New specialist ADMS agency
The model rules call for a specialist independent authority to oversee decisions by individual government agencies to implement ADMS. The supervising authority could be a new agency or the role of an existing agency could be expanded, such as the data protection or privacy authority.
The supervisory authority cannot reverse the decision of an individual agency to adopt ADMS, but the model rules provide for the following specific roles:
- the implementing agency has to provide a copy of the screening report, impact assessment report, the audit report and its response to the audit report and public consultations to the supervisory authority which, if it considers there have been mistakes or errors, can require the implementing authority to reconsider.
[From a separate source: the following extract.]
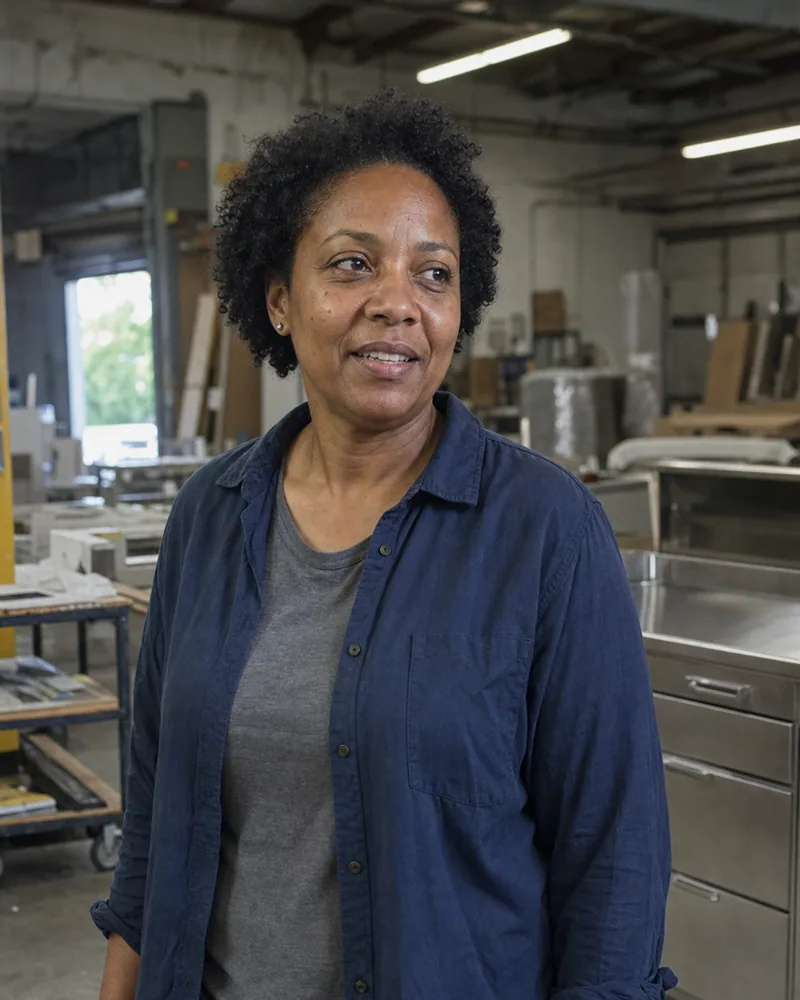 Dana Whitfield, sales director at Bluestone Outdoor Kitchens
- the supervisory authority appoints the expert audit panel, and for this purpose maintains a list of potential candidates.
- the implementing authority can ask for advice on the scoping study.
- affected parties can ‘appeal’ the implementing authority’s decision to proceed with the ADMS, but again that remedy is to remit the decision to the implementing authority to reconsider. The model rules expressly recognise that non-governmental agencies have standing to appeal.
- if the supervisory authority has reason to think the ADMS has gone off the rails in the course of its operational life, such as through self-learning, the supervisory authority can initiate its own review and can recommend that ADMS be suspended. The Project Team note that alternatively this power could be crafted to be mandatory or the supervisory authority could seek a court order to stop use of the ADMS.
In addition to these specific roles, the supervisory authority is to function as a knowledge centre that informs and advises public authorities, affected individuals and organisations and the public on all issues related to the use of systems by public authorities.